More recently, a unique verdict of $1.8 billion is making headlines that can potentially rewrite real estate history and turn the status quo upside down. Is the 6 percent real estate agent’s commission in jeopardy? Join us as we discuss the NAR commission lawsuit and its probable short-term and long-term impacts. So hang tight as we discover everything related to the NAR buyer commission lawsuit's inception, key players, aftermath, and possible ramifications!
Do professional local realtors have a place in this technology-driven world?

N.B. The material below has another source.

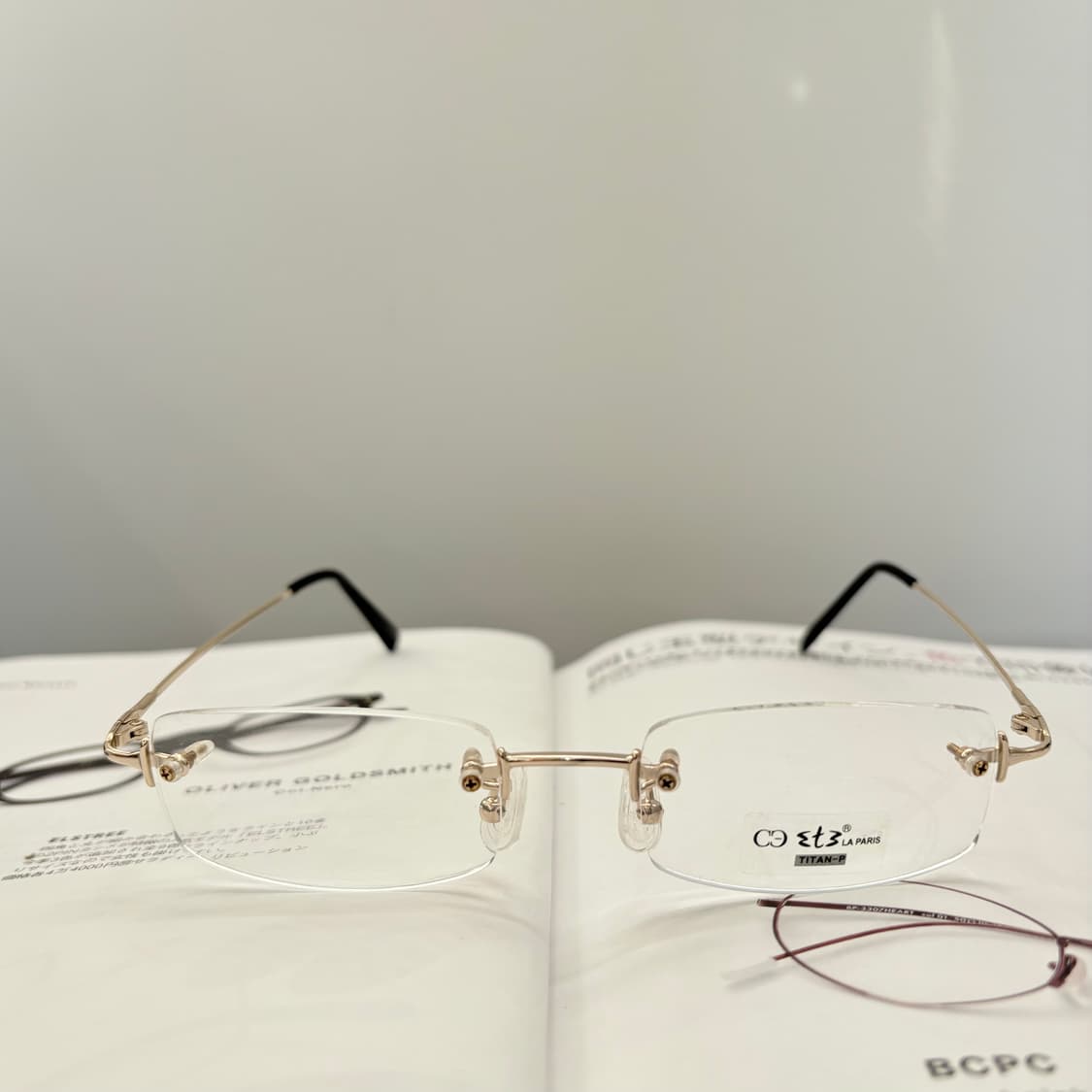 CTE 티타늄 골드 무테 빈티지안경 상품이미지2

As the world changes and technology evolves at a breakneck pace, it’s only inevitable that many question the legitimacy of “old institutions.” For instance, why use travel agents when one can book a flight, accommodation, and everything related to a memorable vacation? The same approach applies to many other “obsolete” domains. No wonder we can’t escape the futuristic vision of automation replacing humankind.
How about real estate? Can online platforms take over the place of the established and experienced local real estate agent? Is their commission justified in exchange for their vast knowledge of local and national real estate market trends, neighborhood know-how, and reliable experience in the homebuying and property-selling processes? Obviously, it’s up to you to decide.
However, many parties involved in real estate transactions raised their eyebrows at the "exorbitantly" costly commission fees. Subsequently, they filed a lawsuit against the National Association of Realtors, resulting in the famous NAR commission lawsuit.
What went down at the NAR commission lawsuit?
On October 31st, 2023, a Kansas City, Missouri, verdict was announced in one of the most mediatized lawsuits (first called Sitzer, then Burnett Lawsuit) to face the real estate industry in the last few decades. CBS News, AP NEWS, and CNN were filled with headlines heralding a possible new age in home sales.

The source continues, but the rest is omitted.